第1回NDBオープンデータ(http://www.mhlw.go.jp/stf/seisakunitsuite/bunya/0000139390.html)では、特定健診結果について都道府県別の性・年齢階級別のデータが出ており、各都道府県において、現役世代男性で、血糖や血圧コントロール不良者がかなり多いことがわかる。「保険者インセンティブ」(http://www.mhlw.go.jp/file/05-Shingikai-12401000-Hokenkyoku-Soumuka/0000121285.pdf)はまさに現役世代こそ急務であろう。定年退職後からの取り組みでは遅い。例えば、大企業が多い「健康保険組合」(http://www.kenporen.com/)や公務員の「共済組合」(http://www.kkr.or.jp/)(http://www.chikyoren.or.jp/)が率先して、「糖尿病性腎症重症化予防プログラム」(http://www.mhlw.go.jp/stf/houdou/0000121935.html)に取り組むべきである。
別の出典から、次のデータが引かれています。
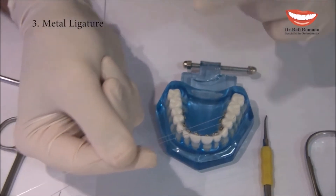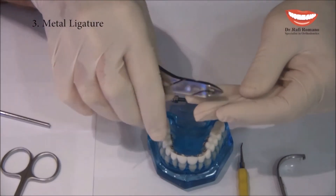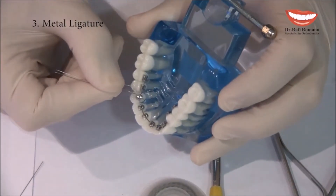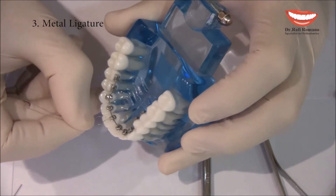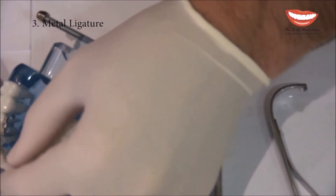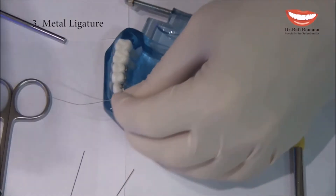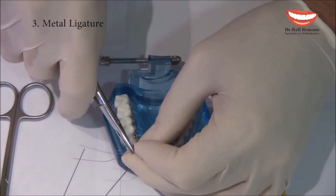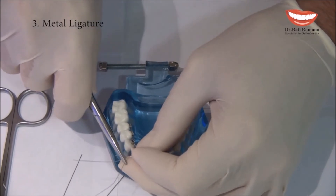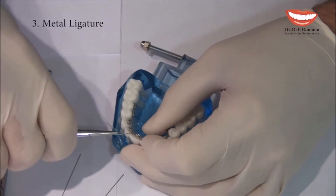Metaligatures usually come very long, so first I cut to make it shorter — it's much easier to work with when it is short. I place it around the central incisor, just like we do with an elastic module, going around the two wings. Then I take the mosquito, hold it close, and start wrapping the metaligature.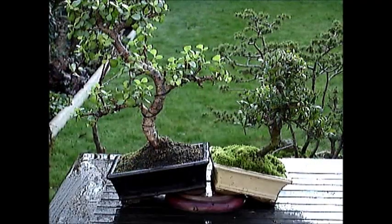The tree on the left is a jade and the one on the right is a Japanese holly. I have also watered the Japanese holly and placed both of them at a tilt to allow any excess water to drain off.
さて、脳卒中、心疾患は医療計画(http://www.mhlw.go.jp/stf/seisakunitsuite/bunya/kenkou_iryou/iryou/iryou_keikaku/index.html)の柱である。「脳卒中、心臓病その他の循環器病に係る診療提供体制の在り方に関する検討会」(http://www.mhlw.go.jp/stf/shingi/other-kenkou.html?tid=364143)、「医療計画の見直し等に関する検討会」(http://www.mhlw.go.jp/stf/shingi/other-isei.html?tid=127276)の資料にも目を通しておきたい。平成30年度から、第7次医療計画(6年間)、第3期医療費適正化計画(6年間)、第7期介護保険事業(支援)計画(3年間)、第5期障害福祉計画(3年間)が一斉にスタートする意義は大きい。健康増進計画(http://www.mhlw.go.jp/bunya/kenkou/dl/kenkounippon21_01.pdf)でも循環器疾患対策のウエイトが高いのであるが...。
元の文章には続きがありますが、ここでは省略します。